Lately, I’ve had this feeling of “get off my balls”. I forgot what this feeling felt like because ever since my first host family got wifi at the house, I didn’t have to do any of my facebooking, skyping or personal emails at school. Now that I’ve moved and once again school is the only place where I have wifi, I have everyone all over me in the teacher’s room. The concept of privacy does not apply in Indonesian culture, I guess because if you don’t want people to see what you’re doing then you wouldn’t do it in a communal area. So really it’s not their fault I chose a communal area. The thing is it’s not only the teacher’s room; everything is communal here. Indonesia is a country and culture focused on community and family. Perhaps there is also the big city-small town mindset that applies everywhere around the world. Small towns and rural areas are more focused on family and community whereas more urban areas are focused on the individual. I haven’t lived in the big cities of Indonesia to confirm nor deny this.

Maybe it is more of a truth to say that people are people, and some people are family-oriented and others are self-oriented. I’m not sure which I am, I’d say at this point in my life I am certainly self-oriented, but there was a time when because I was living at home I was family-oriented because it was part of my responsibilities as a dutiful daughter. I’m sure had I decided to stay close to home I would be more family-oriented but I think I chose to be far because I wanted to focus on myself and see what my life would be like if I didn’t have to arrange my schedule and my life around my family. I’m happy with the decisions I’ve made and how they have helped me grow as a person.

Sometimes I think back to the days when I would be carrying Adney around with me from Art Club, Track practice, Interact Club, African American Awareness Association and Video Yearbook meetings and it seems like another life. My little brother was just as much a member of my high school community as I was, he would wait for me in aftercare or when the bell rang and his tiny scrawny self would walk back with me to my high school through autumn, winter and spring. My junior year, I was President of the Interact Club and every year we would help Mid-Island Rotary with the turkey drive. We would go to a bunch of houses in the projects and deliver a box of food for Thanksgiving equipped with a turkey. It was a weekend, but my mom was working so I had Adney that morning, it was before I could drive so we took a few buses to the warehouse and I forgot to pack a heavier jacket for Adney in his spiderman backpack. I remember feeling horrible that I had forgot so when we got off the bus he wore my track sweatshirt which ended just before his ankles. We got into the warehouse and he was sitting cozy being pampered by all the moms and he would help pack some boxes or ring bells when we went home to home. He was a real champ and a real brat sometimes but he was definitely a people person that much came natural to him. I feel like those responsibilities I had to my family at a young age are similar to those of my students, the difference is I was able to leave home and create a life for myself separate from my family and the Sri Lankan community I was raised in. My students don’t have the luxury of that choice; many of them may not want it. Going from having a community and a family to be independent are frightening especially in this culture. Married women are afraid to travel by themselves. Women who aren’t married yet are afraid to do anything by themselves. Young married couples still have to answer to their in-laws before making decisions and if not their parents then the patriarch of their family. This idea of independence does not exist in my village yet.

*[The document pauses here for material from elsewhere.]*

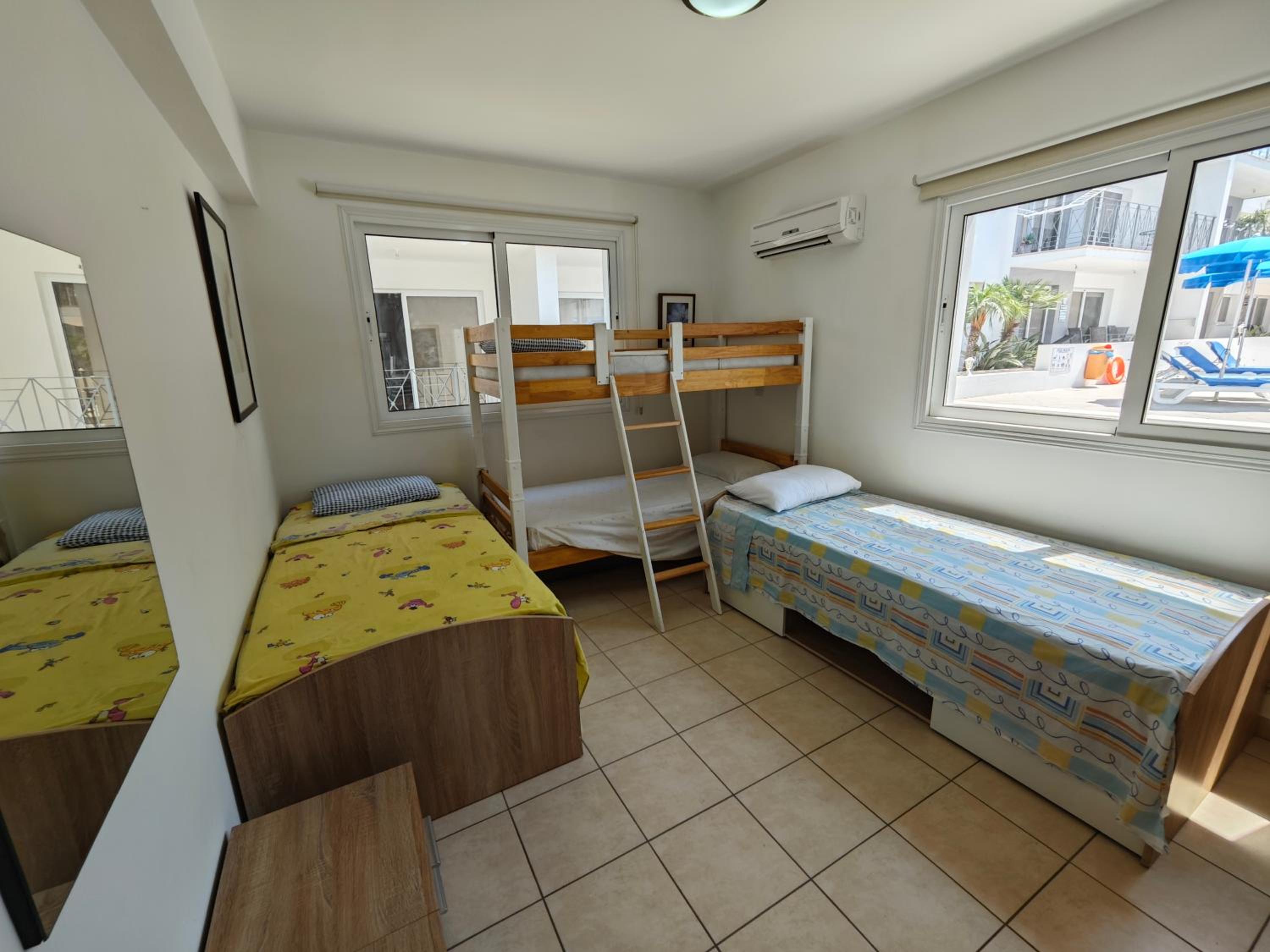 Varnava Gardens apartment 10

PCVs have to live with a host family in Indonesia throughout our service because cultural integration otherwise would be difficult and we would likely be ostracized further if we weren’t associated with a family. They already think there’s something wrong with me for wanting to move because I wanted to be “more independent”. I was doing laundry one morning in my old homestay and I had a conversation with my ‘Bibi’ who acts as a nanny and housekeeper. She was talking about how girls need to be hardworking and always helping or they will make horrible wives one day. She was talking about her own daughter who likes to be ‘lazy’ and ‘lazy’ seemed like a funny word to describe her since first thing Sunday morning she’s doing laundry, cleaning the windows, sweeping and mopping the floors and helping her mom every day. She would want to go on a run or a bike ride with me but once I would be able to she would be too tired or still busy with chores. Her younger brother is also ten years younger than her. It just seemed silly that here I was reading a book while doing laundry or on my laptop while she was running around cleaning. I felt so out of place and to continue sitting there filling this image that I must have come from a much higher background that isn’t accustomed to doing house chores or working seemed hypocritical.


There are empowered women, but they are in short supply. So many of my students have that spark and I want more than anything to see their potential be fulfilled. My area is known for girls getting married at seventeen and I’m more concerned for my students in high school who are only in search of their MRS because that is their be all end all. I see it far more with my tenth graders and a handful of eleventh graders, one can only hope that as time passes their dreams also mature with some guidance from their female role models. They definitely don’t need me around to be empowered by women because the women I work with serve as inspiration for me everyday. Perhaps it’s simply having the choice to be family-oriented or self-oriented.